* Work to complete
In the listing that follows, print every line exactly and leave the images out.

(Data excerpt Opens)

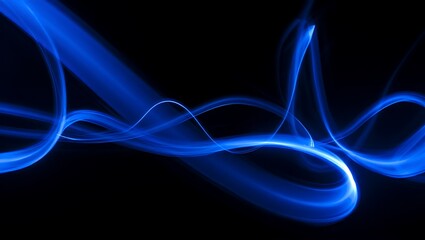 Abstract Blue Smoke Swirling Energy and Dynamic Light Trails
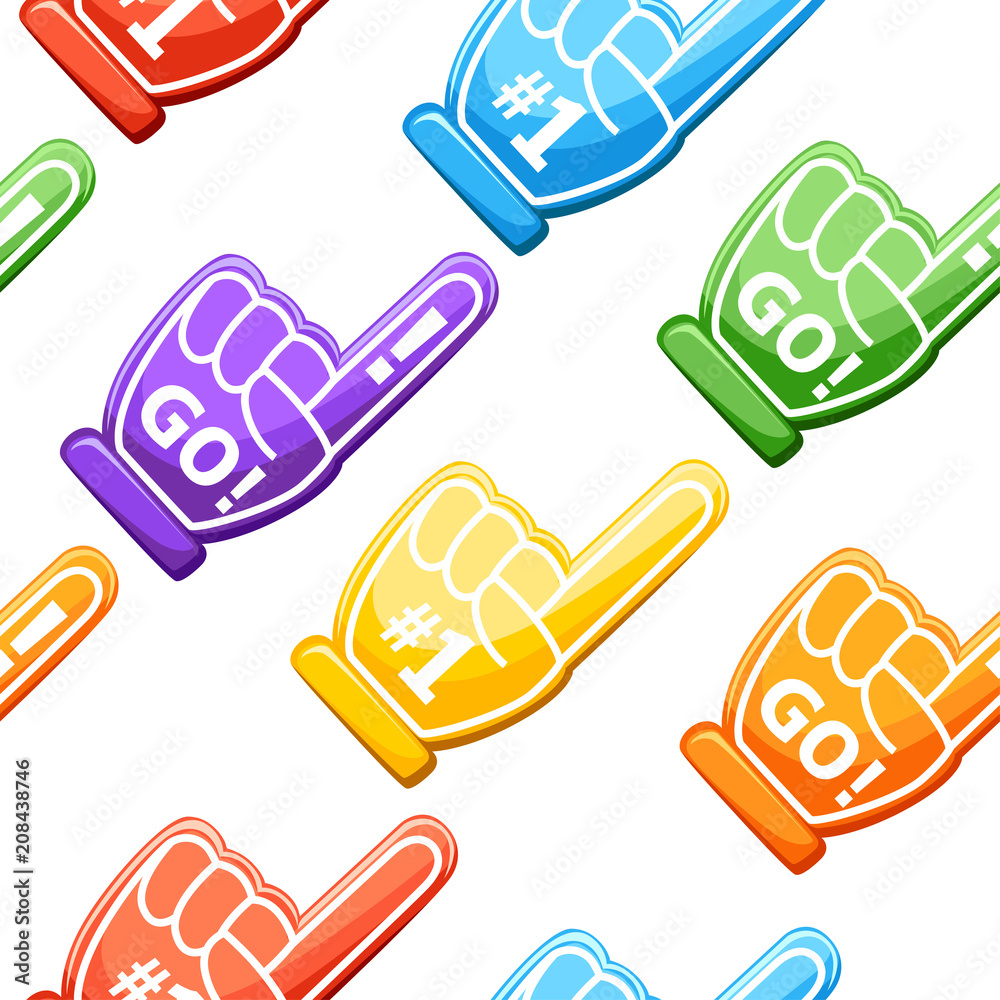 Seamless pattern. Number one glove. Collection of colorful gloves. Red foam finger with 1. Vector illustration on background. Website page and mobile app design Seamless pattern. Number one glove. Collection of colorful gloves. Red foam finger with 1. Vector illustration on background. Website page and mobile app design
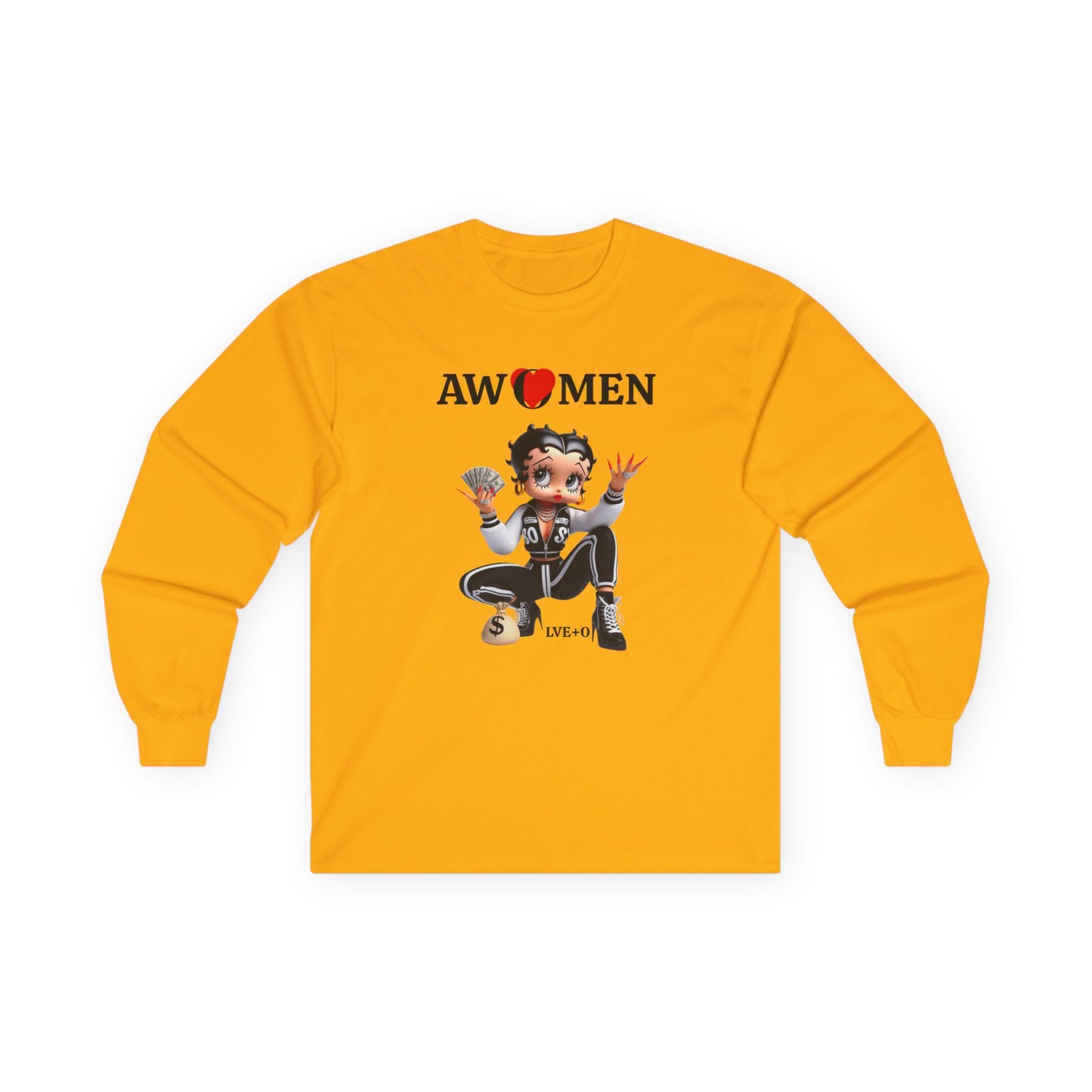 Betty Boop AWOMEN T-Shirt - Women Empowerment Tee, Political Top, Long Sleeve Unisex Shirt, Graphic Tee for Fans, Cartoon Character Tee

(Data excerpt Closes)

* Result below
 Abstract Blue Smoke Swirling Energy and Dynamic Light Trails
 Seamless pattern. Number one glove. Collection of colorful gloves. Red foam finger with 1. Vector illustration on background. Website page and mobile app design Seamless pattern. Number one glove. Collection of colorful gloves. Red foam finger with 1. Vector illustration on background. Website page and mobile app design
 Betty Boop AWOMEN T-Shirt - Women Empowerment Tee, Political Top, Long Sleeve Unisex Shirt, Graphic Tee for Fans, Cartoon Character Tee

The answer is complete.